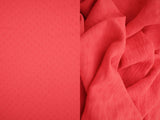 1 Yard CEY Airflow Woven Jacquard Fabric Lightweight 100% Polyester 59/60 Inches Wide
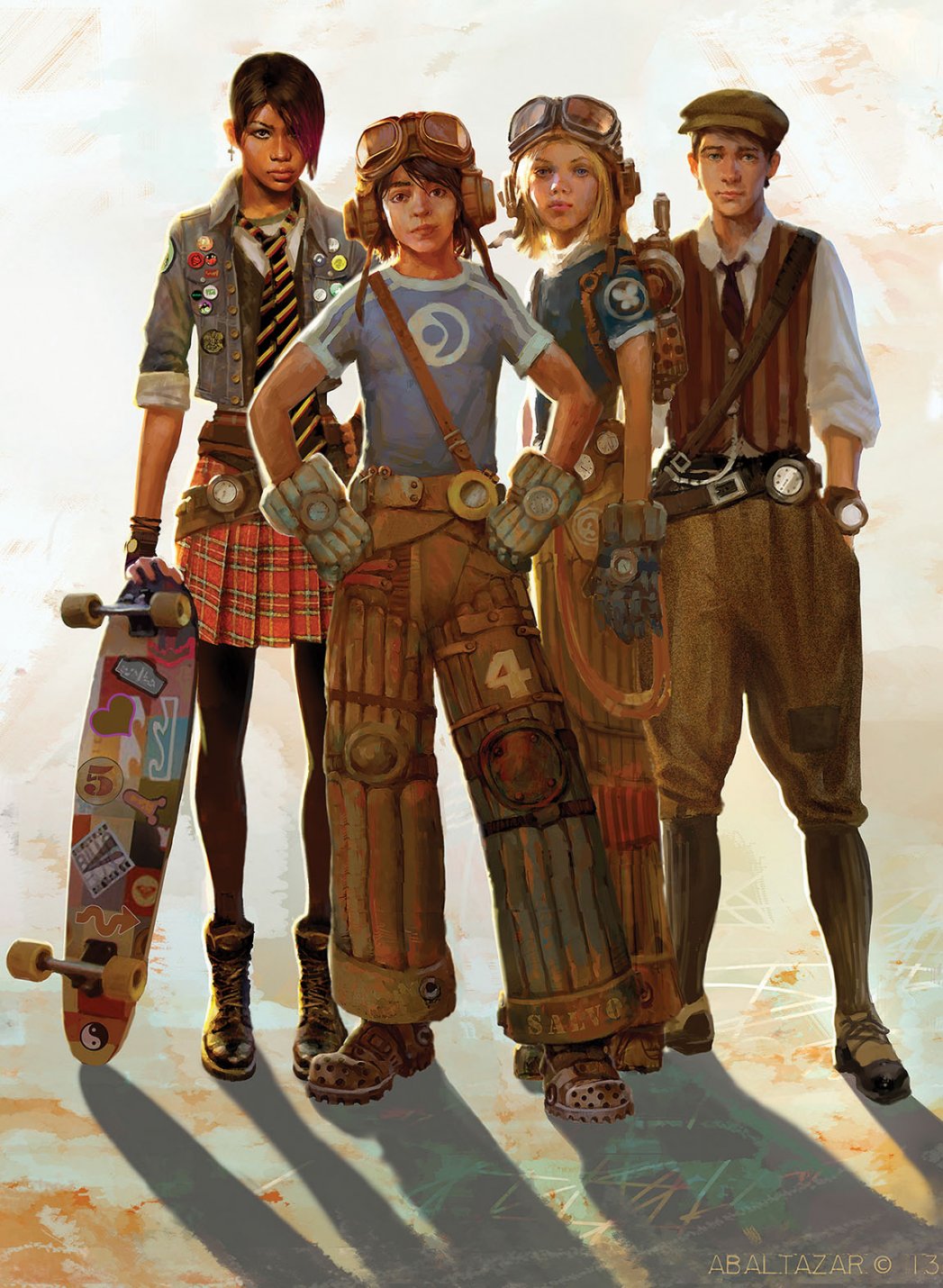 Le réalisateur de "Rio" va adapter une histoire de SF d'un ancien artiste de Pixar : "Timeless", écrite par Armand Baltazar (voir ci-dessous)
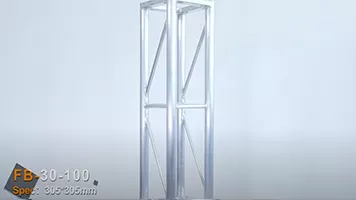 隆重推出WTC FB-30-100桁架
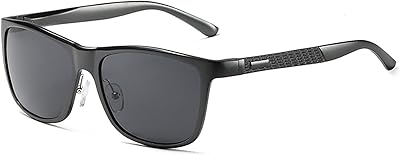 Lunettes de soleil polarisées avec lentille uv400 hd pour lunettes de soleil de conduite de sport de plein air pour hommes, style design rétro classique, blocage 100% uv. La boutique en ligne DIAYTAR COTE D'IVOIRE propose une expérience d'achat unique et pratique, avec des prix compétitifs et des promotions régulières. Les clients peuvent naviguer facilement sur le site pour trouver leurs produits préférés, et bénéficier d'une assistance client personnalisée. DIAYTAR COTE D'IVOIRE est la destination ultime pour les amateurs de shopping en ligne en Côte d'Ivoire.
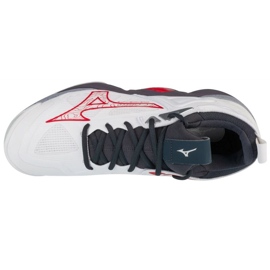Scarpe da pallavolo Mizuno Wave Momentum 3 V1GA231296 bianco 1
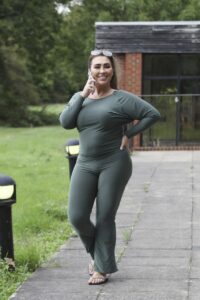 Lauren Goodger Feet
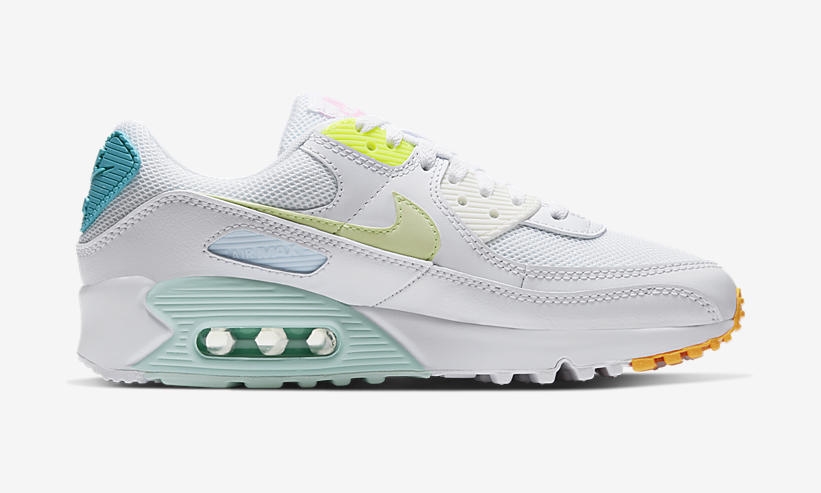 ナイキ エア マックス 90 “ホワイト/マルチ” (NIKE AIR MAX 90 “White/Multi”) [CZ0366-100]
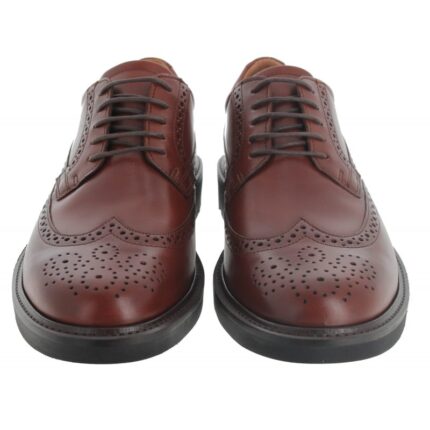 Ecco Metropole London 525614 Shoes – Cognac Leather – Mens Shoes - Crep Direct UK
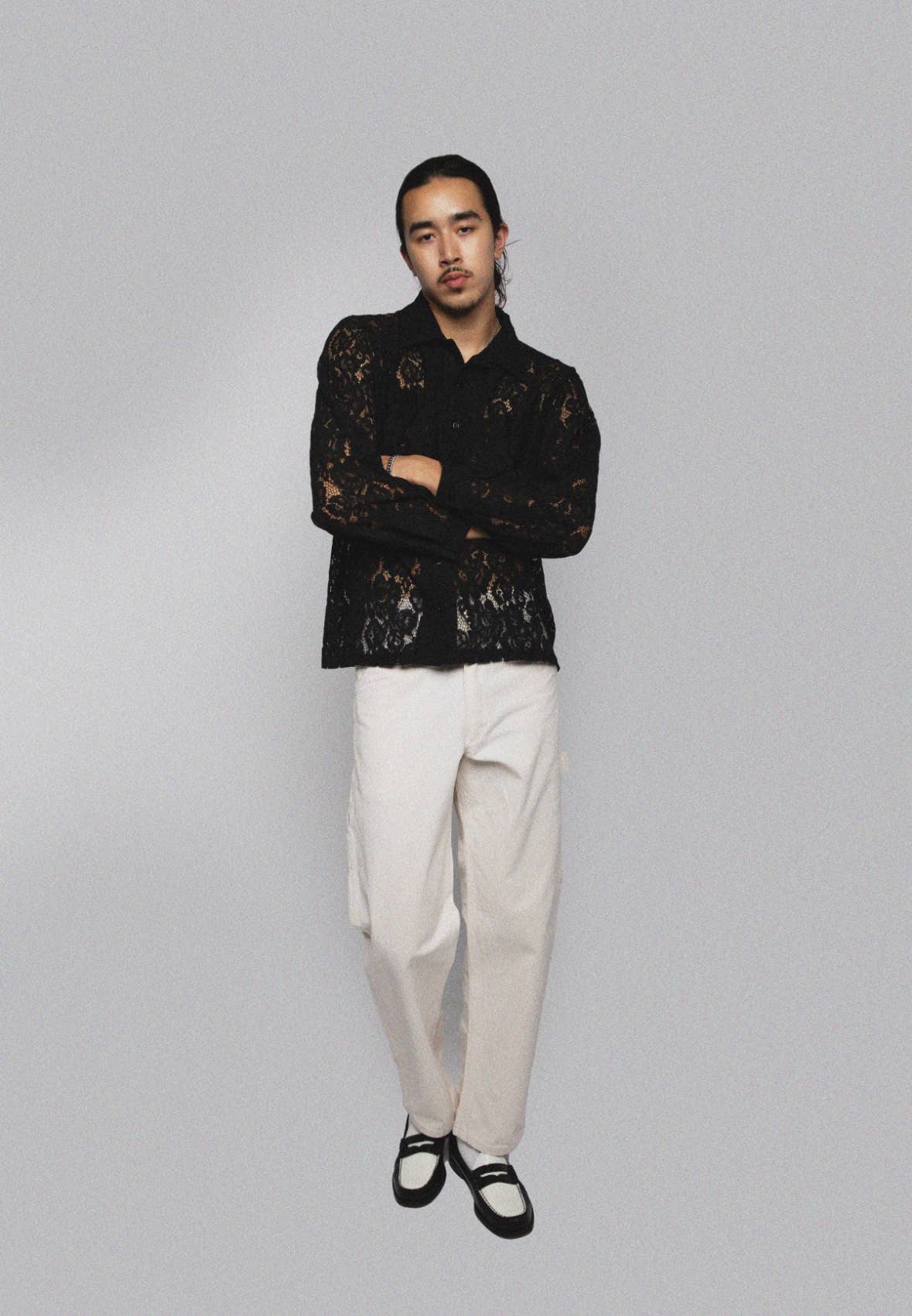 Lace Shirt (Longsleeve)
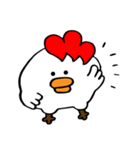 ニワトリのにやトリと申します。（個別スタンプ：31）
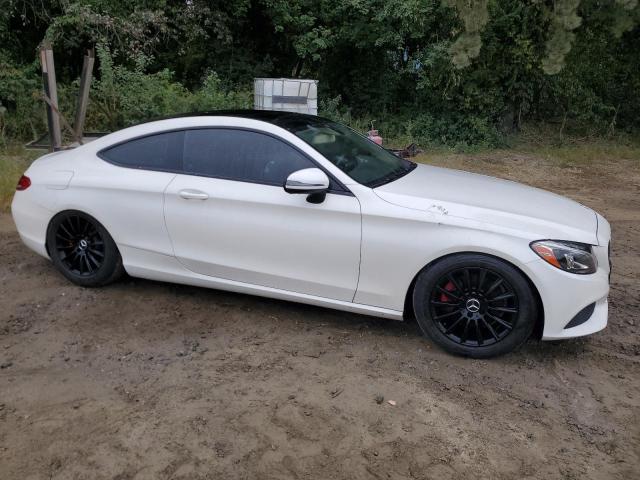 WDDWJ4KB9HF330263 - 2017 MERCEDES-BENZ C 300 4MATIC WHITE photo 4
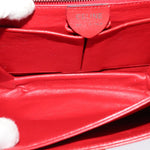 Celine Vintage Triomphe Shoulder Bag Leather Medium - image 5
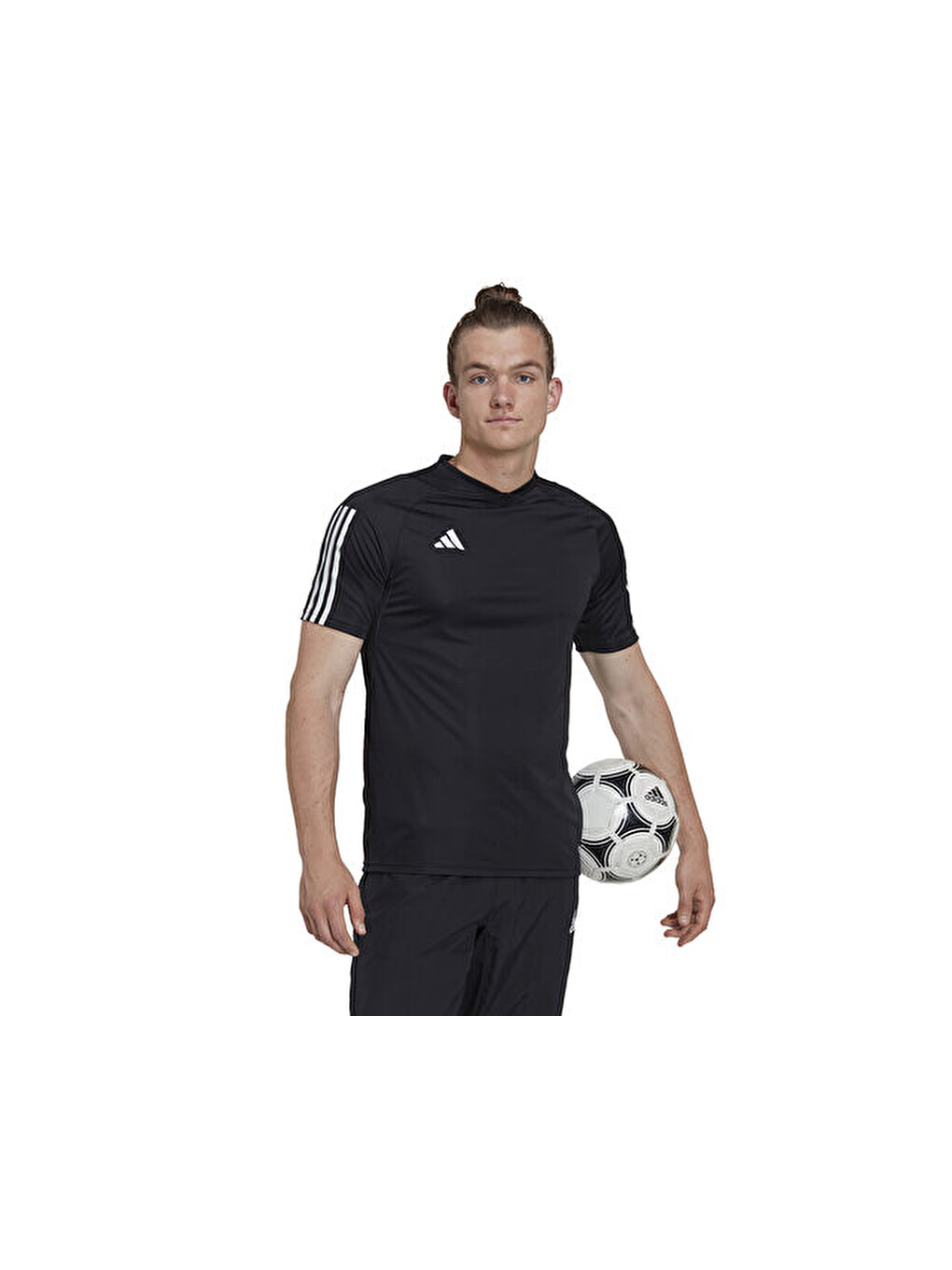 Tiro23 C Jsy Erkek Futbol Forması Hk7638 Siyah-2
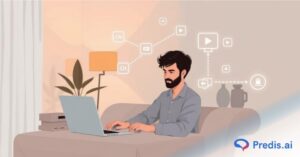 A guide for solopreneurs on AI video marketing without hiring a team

------------------------------------------------------------

■ **Try it**
Here the job is to output the lines from the top of the listing through the line holding "ナイキ エア マックス", word for word and without pictures.

■ **Answer to this task**
 1 Yard CEY Airflow Woven Jacquard Fabric Lightweight 100% Polyester 59/60 Inches Wide
 Le réalisateur de "Rio" va adapter une histoire de SF d'un ancien artiste de Pixar : "Timeless", écrite par Armand Baltazar (voir ci-dessous)
 隆重推出WTC FB-30-100桁架
 Lunettes de soleil polarisées avec lentille uv400 hd pour lunettes de soleil de conduite de sport de plein air pour hommes, style design rétro classique, blocage 100% uv. La boutique en ligne DIAYTAR COTE D'IVOIRE propose une expérience d'achat unique et pratique, avec des prix compétitifs et des promotions régulières. Les clients peuvent naviguer facilement sur le site pour trouver leurs produits préférés, et bénéficier d'une assistance client personnalisée. DIAYTAR COTE D'IVOIRE est la destination ultime pour les amateurs de shopping en ligne en Côte d'Ivoire.
Scarpe da pallavolo Mizuno Wave Momentum 3 V1GA231296 bianco 1
 Lauren Goodger Feet
 ナイキ エア マックス 90 “ホワイト/マルチ” (NIKE AIR MAX 90 “White/Multi”) [CZ0366-100]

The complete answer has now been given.